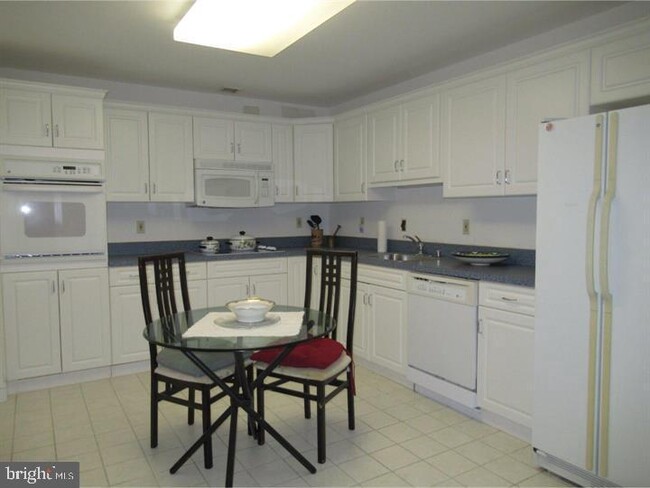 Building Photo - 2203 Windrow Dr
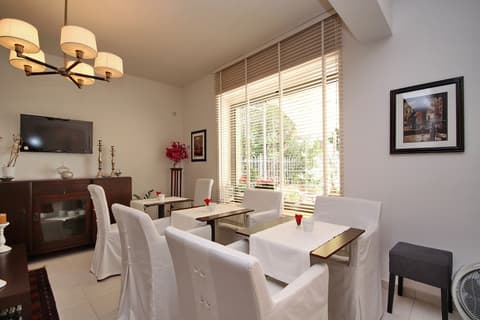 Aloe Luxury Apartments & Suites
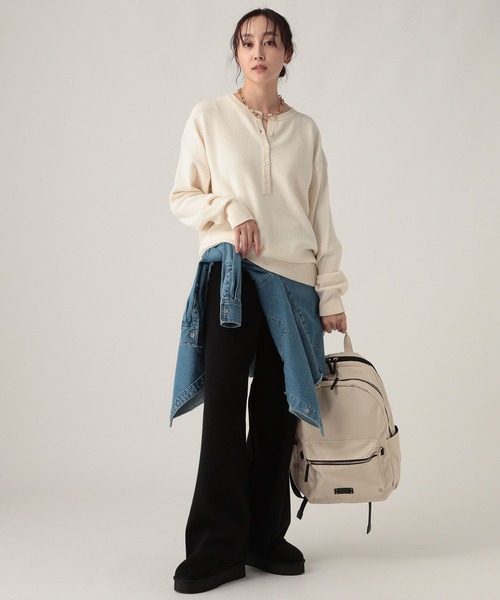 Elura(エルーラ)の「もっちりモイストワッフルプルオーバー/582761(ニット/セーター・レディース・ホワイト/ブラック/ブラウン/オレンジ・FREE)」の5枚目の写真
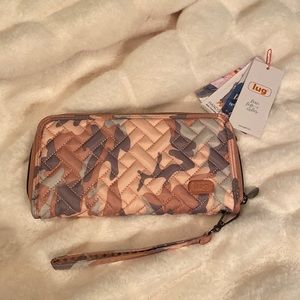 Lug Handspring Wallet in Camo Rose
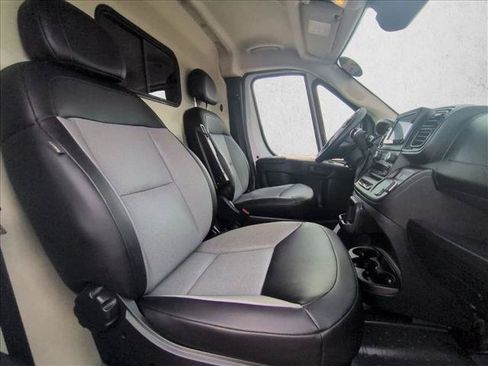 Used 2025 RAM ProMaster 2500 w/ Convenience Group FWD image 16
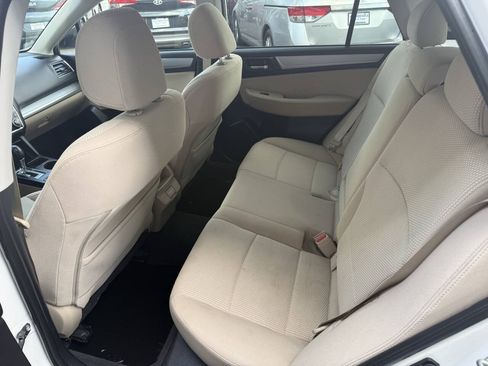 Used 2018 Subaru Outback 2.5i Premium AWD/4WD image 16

------

• _ASSIGNMENT_:
Excluding pictures, print all lines above exactly.

• _OUTPUT FOR THIS TASK_:
 Building Photo - 2203 Windrow Dr
 Aloe Luxury Apartments & Suites
 Elura(エルーラ)の「もっちりモイストワッフルプルオーバー/582761(ニット/セーター・レディース・ホワイト/ブラック/ブラウン/オレンジ・FREE)」の5枚目の写真
 Lug Handspring Wallet in Camo Rose
 Used 2025 RAM ProMaster 2500 w/ Convenience Group FWD image 16
 Used 2018 Subaru Outback 2.5i Premium AWD/4WD image 16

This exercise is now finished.